The second human chromosome sequence to be mapped, chromosome 21, was published in the science journal Nature May 18, and is available free on the Internet.

Chromosome 21 is best known for being the only chromosome that sometimes occurs in three copies rather than the usual pair, resulting in Down’s syndrome, the commonest cause of intellectual disability, affecting one in 700 live births. A consortium of scientists from Japan, Germany, Switzerland, France, the United States and Britain read the 33 million base pairs of DNA that make up the chromosome.

Chromosome 21 is the smallest human chromosome of the 23 pairs, and was expected to contain few genes. Even so, the sequence revealed fewer than expected: fewer than 300 genes. Estimates of the total number of genes in the human genome were between 80,000 and 100,000, but extrapolating from the number found on chromosome 21 puts the number at around 40,000, far fewer than predicted.

Each of the 300 genes codes for a protein enzyme with some role in the biochemical factories of our cells. Identifying the genes on chromosome 21 that cause various disorders, including two forms of deafness and Usher’s and Knobloch’s syndromes, will be much easier now that the sequence is mapped and freely available. Research into genes linked to diseases such as Alzheimer’s and certain forms of cancer will also get a boost.

The research that will be most advanced by the publishing of the sequence, however, will be that into the condition for which the chromosome is best known: Down’s syndrome.

No other chromosome is ever present in three copies. Most other chromosome defects cause death in early childhood or before birth, but children with three copies of chromosome 21 live a healthy life for many years. This, says Roger Reeves in Nature, is probably because there are so few genes on chromosome 21. The imbalance in gene numbers caused by having an extra copy of the chromosome in each cell leads to over 80 physical and mental disorders. How genes and gene products interact to cause these disorders can now be studied in detail.

If there are 33 million base pairs on chromosome 21 making up about 300 genes, does this mean that each gene is 11,000 base pairs long? No. Much of the genome, and chromosome 21 is no exception, is made up of base pairs that code for nothing: so-called junk DNA. Genes contain the information for proteins, but all the information that is needed could fit in far less space than it does. It’s as if the recipe for a sponge cake was written out on ticker tape, but every few words of the recipe were interspersed with hundreds of meaningless words. In the genome the meaningful words of the recipe are called exons, and the meaningless junk parts are called introns.

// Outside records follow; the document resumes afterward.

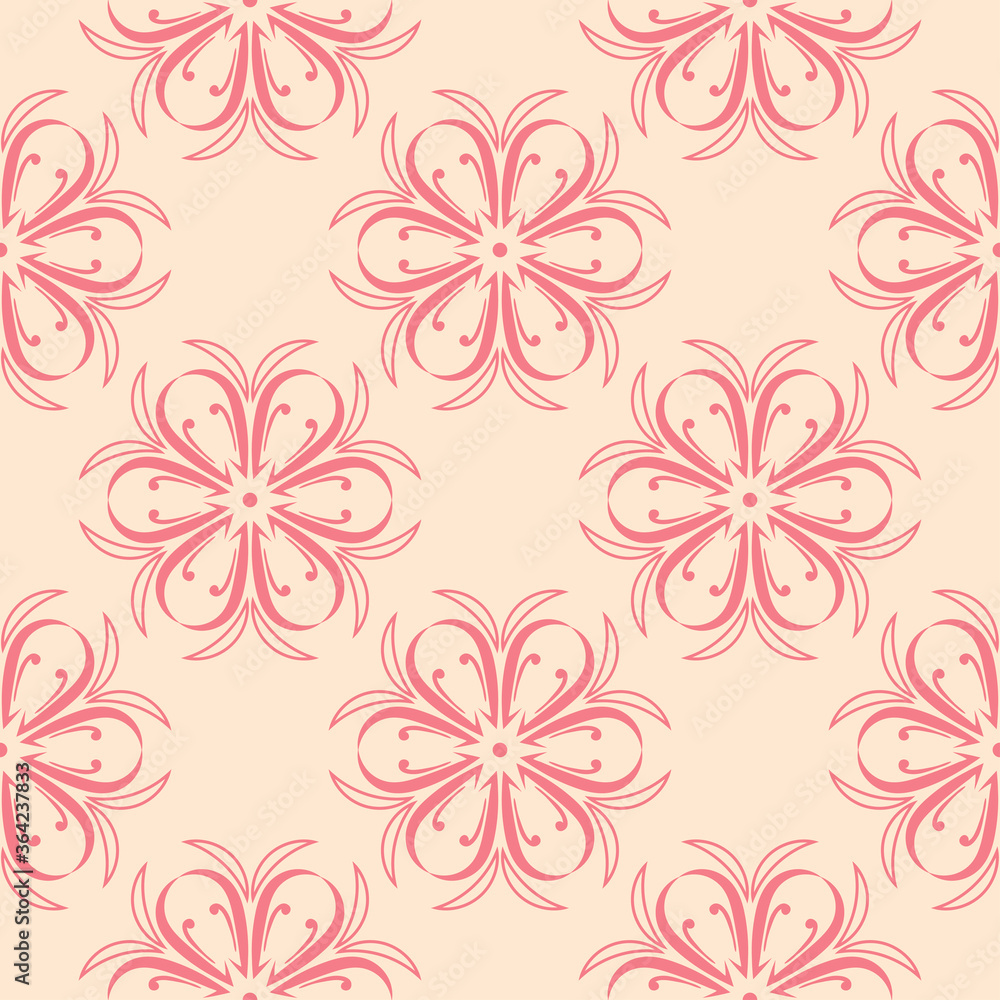 Pink and beige floral seamless pattern. Colored background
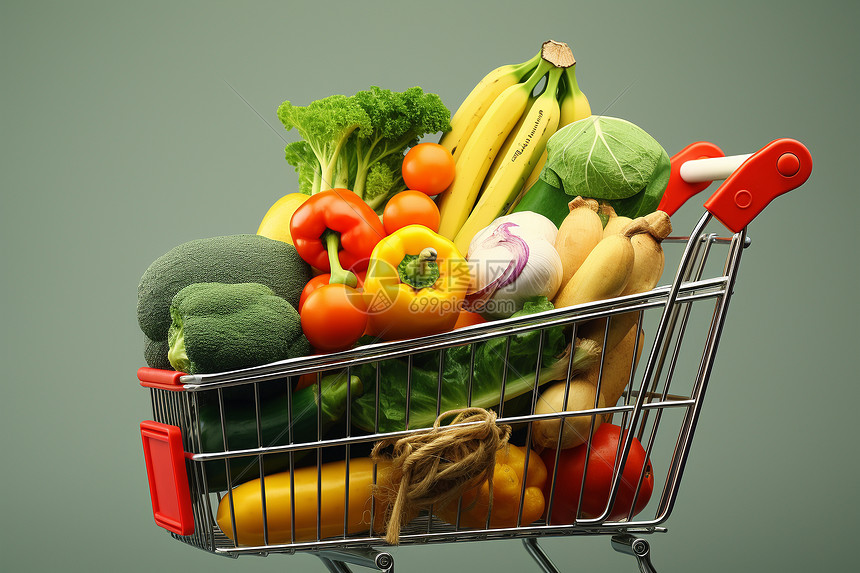 购物车中健康营养的蔬菜图片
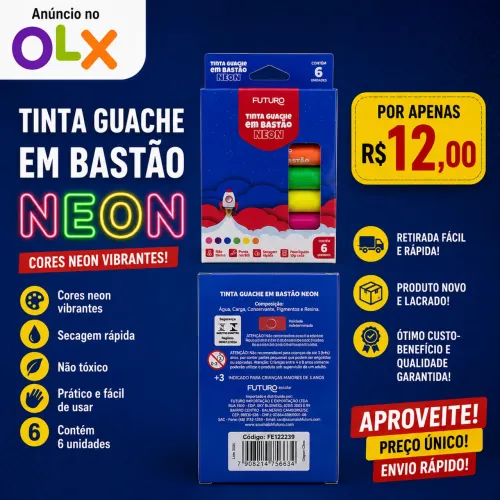TINTA GUACHE em BASTÃO NEON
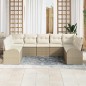 vidaXL Set di divani da giardino da 9 pezzi in rattan beige vidaXL Set di divani da giardino da 9 pezzi in rattan beige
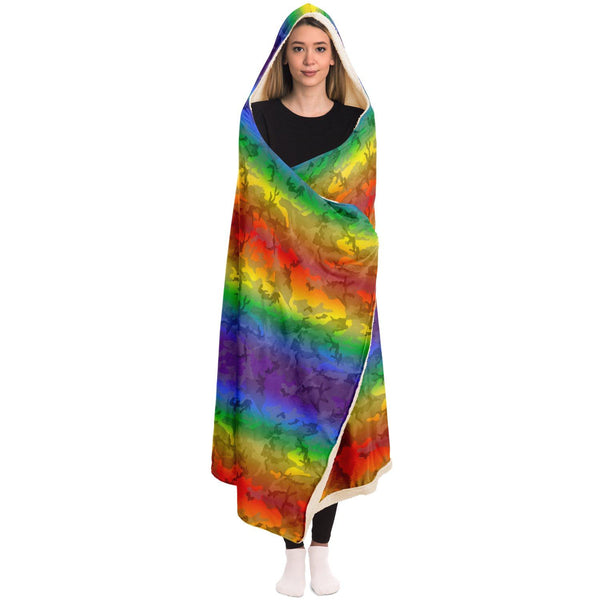 65 MCMLXV Unisex LGBTQ Rainbow Camouflage Hooded Blanket - 65mcmlxv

From even the current incomplete sequencing of the human genome it is clear that most of it does not code for anything. Ninety-seven percent of the genome is junk — with respect to humans, that is. Introns contain codes for recipes that are not used by us, but are used by the introns themselves. Introns contain the instruction “copy me” in the DNA alphabet. They are genetic parasites that get a free ride down the generations in our genomes.

Although there are relatively few “proper” genes on chromosome 21, and the usual stretches of junk DNA, children born with an extra copy of this chromosome experience changes in the development of the body and the brain. The extra copy usually derives from the mother, and the condition is more likely with older mothers.

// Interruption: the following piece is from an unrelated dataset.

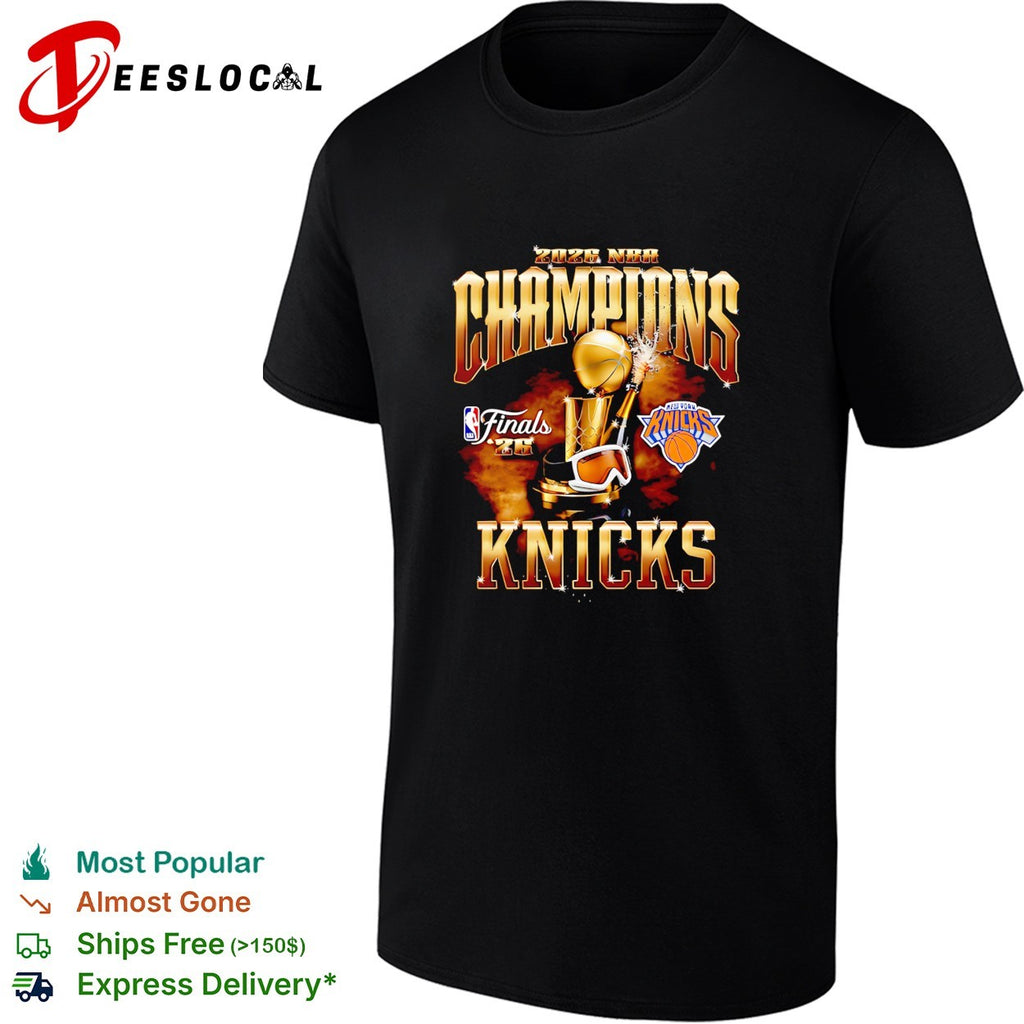 New York Knicks 2026 NBA Champions Finals trophy fireworks bold art shirt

Researchers in the U.S. have identified a possible mechanism for the extra chromosome 21 in individuals with Down’s syndrome. In the American Journal of Human Genetics, they show how an error can occur during sexual cell division to form eggs or sperm.

Normally the chromosome pairs line up and are dragged by protein cables into new cells. Sometimes, however, two protein cables may attach to the same chromosome, leading to a kind of tug-of-war. If the “winning” cell already has a cable attached to the other pair of the chromosome, then it will receive two copies. The losing cell receives no copy of the chromosome and dies.

At fertilization, an embryo is formed by the fusion of an egg and a sperm each carrying 23 chromosomes. If one of the sex cells (usually it’s the egg) has gained an extra chromosome 21 from a “tug-of-war error,” then the resultant embryo will have trisomy: three copies of chromosome 21.

Now the sequence is known, the genes producing the Down’s syndrome symptoms can be identified and cloned. Transgenic mice with genes from the Down’s syndrome region will be created to provide a test system for treatment. Gene therapy may one day be used to target and inactivate the extra genes.

Dr. Eiichi Momotani, general secretary of the Japan Down’s Syndrome Network, is hopeful about the prospects for research.

“I hope the sequencing of chromosome 21 will make our children’s lives and our society better,” Momotani says.